I bought the book for three reasons. First, it was a favorite of HP Lovecraft, who is an author who influenced me. Second, I physically liked the book (it's beautifully printed, pictured is my copy). Finally, I wanted to have some short stories that I could quietly read (not audiobook) while my daughter sleeps.
I was hoping for some Lovecraftian cosmic horror. Instead, I got some mediocre sappy 19th century romantic fiction mixed in with discount Edgar Allan Poe tier spooky fiction. Because I don’t recommend it, this review will contain spoilers.

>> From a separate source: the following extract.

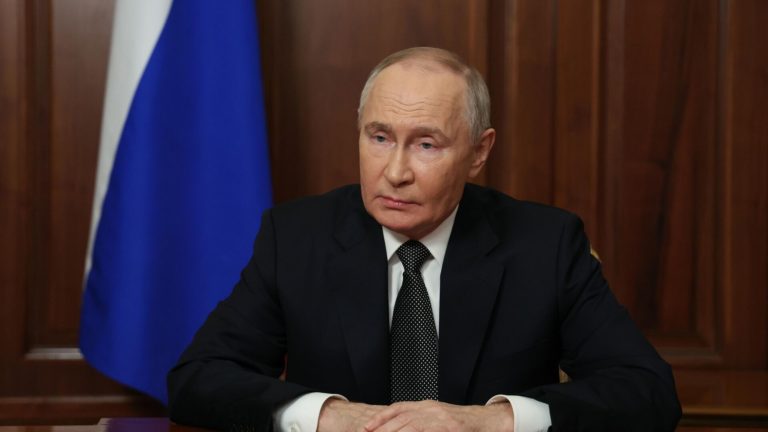 Putin: Russia Strikes Ukrainian Defense Facility With New Oreshnik Ballistic Missile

The first story that I read, called The Repairer of Reputations, had an extremely interesting set up. It takes place in New York in 1920. Of course, because the book was written in 1895, it isn’t our 1920 - its 1920 as it was imagined by an American upper-class elite author from 1895. The story correctly predicts WW1, the militarization of America, the exclusion of Jews from immigrating to the US, and the redevelopment of New York city. It also makes some seemingly absurd predictions such as the creation of an independent negro state in Louisiana. I got a great dystopian vibes from it. However, the rest of the story fell flat.
I then read a mediocre soppy romance story about two sculptors who loved the same French woman, and a boring lazy story about some guy who fell asleep during mass at a church and had a nightmare.
Finally, the last story was about a painter who saw a creepy man staring at him from the window. It was a little bit more mysterious than the other three stories, and had some better Lovecraftian elements; however it still fell short.
Overall I do not recommend the King in Yellow.